The flag unites us. It should not destroy us. The unity it represents should be celebrated and those who fight for it should be honored.
United we stand and divided we fall.
Heck. NFL players don’t even have to carry their injured teammates off of the field. They have fancy golf carts to do that for them.
And, they also have this, just like the rest of us in America. Protection. Represented perfectly by this metaphorical sculpture at Richard’s Coffee shop. A freedom to fish in beautiful waters, because someone is guarding us from those who seek to destroy us and everything we know.
Dear kneeling NFL player: Look at this man’s face and tell me he stood for hatred and mistreatment as he crawled through the jungles in Vietnam. Do you want to call Mr. Hernandez’s family and tell them that when the flag was draped over his casket it was a slap in the face to matters of race?
You kneel for racism. You should be standing for freedom and standing to make a difference in our country.
And, since you seem to be falling short of fresh ideas on how to do that, here are some humble suggestions from a little mama in Mooresville, NC. While I do love to watch football, I appreciate our military a million times more.
Five Alternatives to Kneeling During the National Anthem in Order to Express Your Opinion
Buy an advertising spot during the airing of your game (or a popular show – I hear This is Us is quite good). Use that time to eloquently express concerns about racism and police brutality. Offer solutions. Demand a change. We know what you make. You can afford it.
Volunteer in the schools. And, if you are really attached to the idea of kneeling, get down on one knee with the children. Look them in the eyes. Work with them. Break down the racism that has been passed from generation to generation. Children aren’t born with hate in their hearts towards those with different-colored skin. They are taught it.
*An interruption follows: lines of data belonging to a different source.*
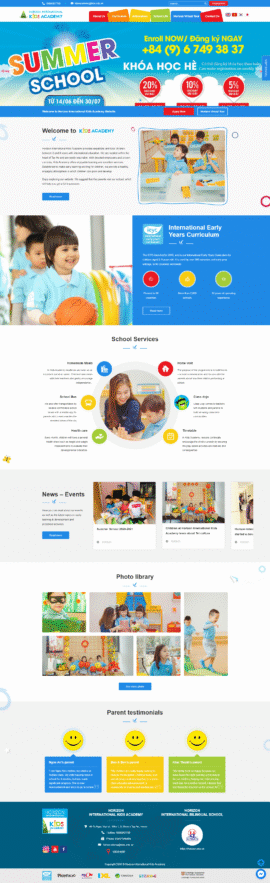 Website Trường mầm non Hoziron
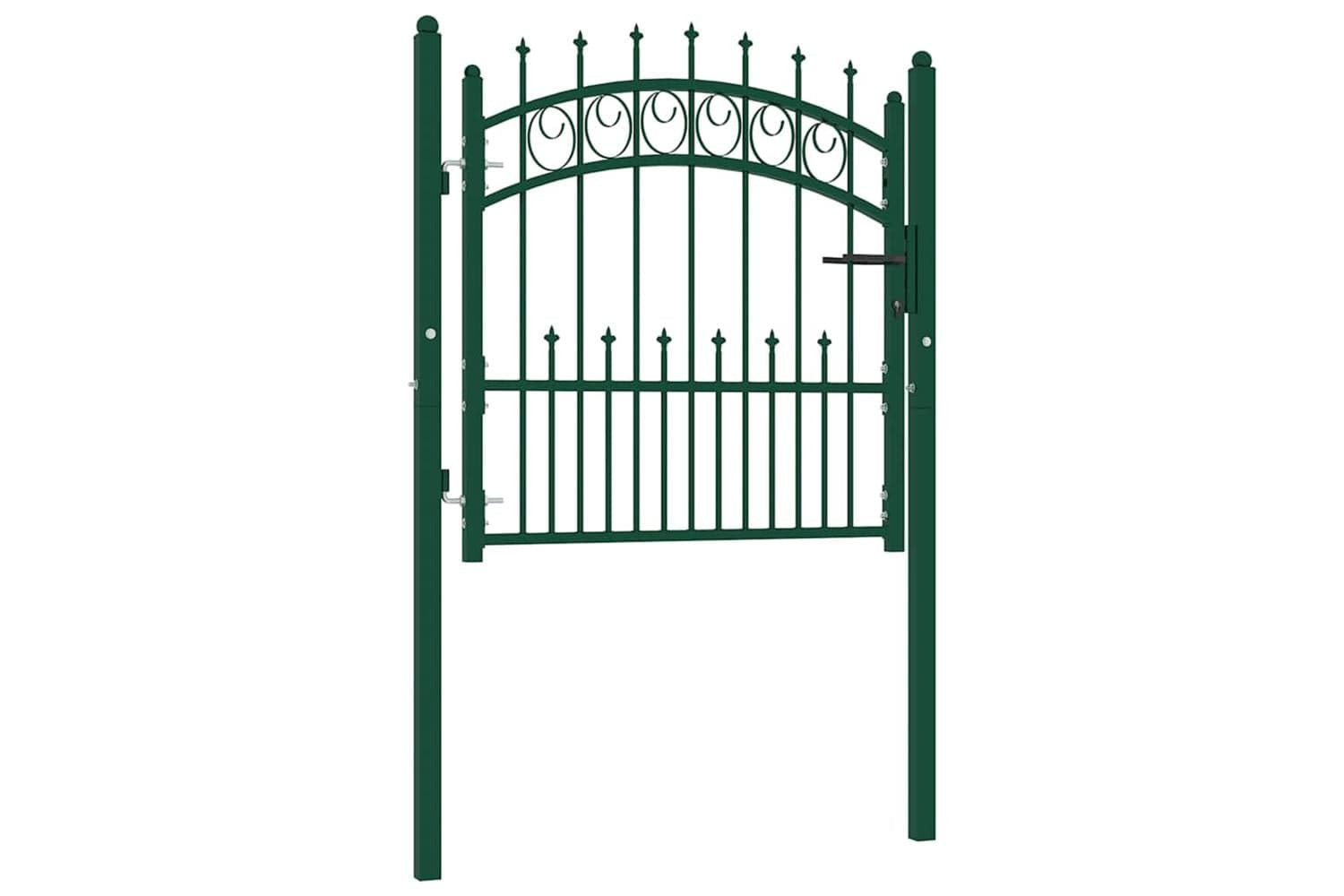 vidaXL 146383 Fence Gate With Spikes Steel 100x100cm Green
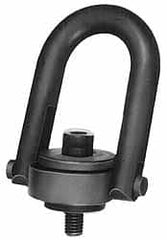 Jergens - 12,500 Lb Load Capacity Safety Engineered Center Pull Hoist Ring - M42 x 4.5 Thread, 68mm Thread Length, Alloy Steel, Black Oxide Finish - Exact Tooling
Take a football and go into the inner-cities, go into the country, go to the under-privileged communities. Kneel down and talk to the children. Play with them. Inspire them to do their best. Tell them there are people who have their side and there might be some who don’t, but to remember there will always be more people who are for them than there are against them.
4. Start a Non-Profit
Establish an organization to seek productive partnerships and ways to address racial tensions across America.
Salute the flag and rise for the singing of the National Anthem, and “for the republic for which it stands,” to demonstrate that we are united and that through togetherness we will win. And, that includes the war against racism.
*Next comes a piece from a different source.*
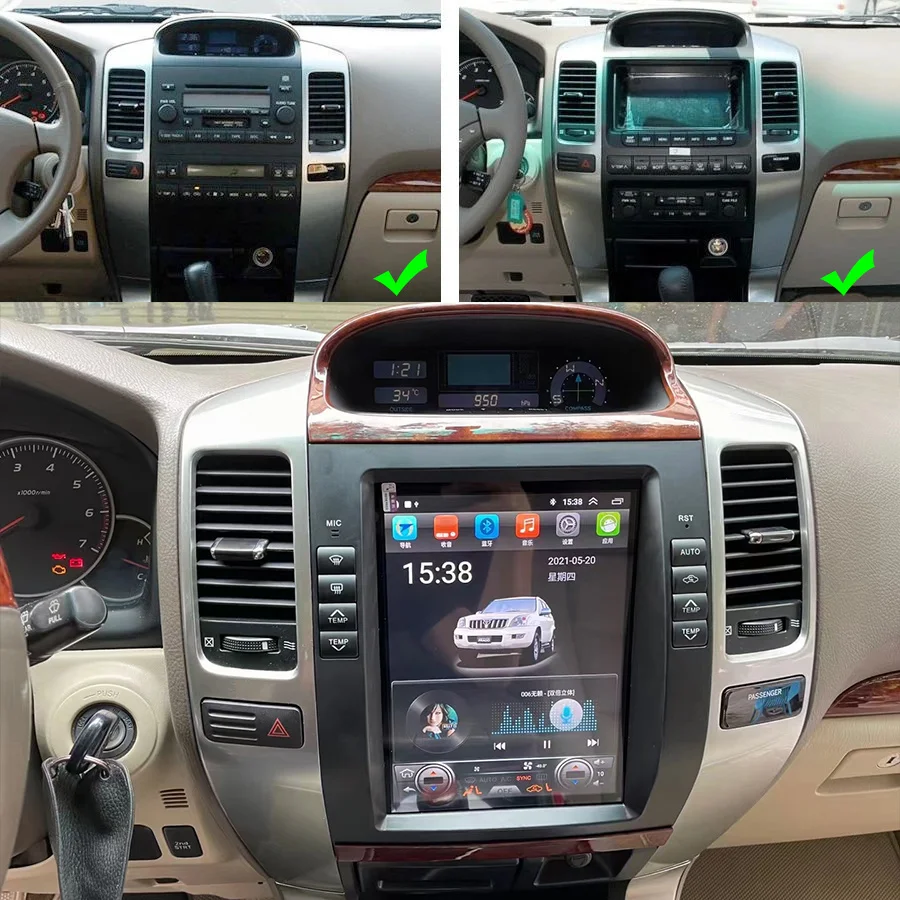 Для Lexus GX470 радио Android 11 для Toyota Land Cruiser 120 Prado 10 4 дюймов экран Tesla стерео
But please don’t kneel and disrespect that which unites us, that for which men and women fight and lay down their lives.
After all, we are the:
The Establishment of Veterans Day
Veterans Day, was established originally as Armistice Day to honor the end of World War I, which was November 11, 1918. The legislation that passed in 1938 dedicated November 11 to “the cause of world peace.” It honored World War I veterans. In 1954, after going through two more wars, Congress amended the Act of 1938 by eliminating the word “Armistice” and adding “Veterans.” November 11th became a day to honor all American veterans of all wars.
And with that, I will leave you with some fodder in the way of facts:
According to the Bureau of Labor Statistics, as of February 2017 there are currently 1,085, 286 enlisted personnel. By comparison, there are 1,696 total players on the NFL rosters (53 for each of the 32 teams).
Since the Revolutionary War started in 1775, almost three million American military personnel have died in combat. No NFL player has ever died from a hit on the football field during a game. One player, Chuck Hughes of the Detroit Lions, died of a heart attack during a game.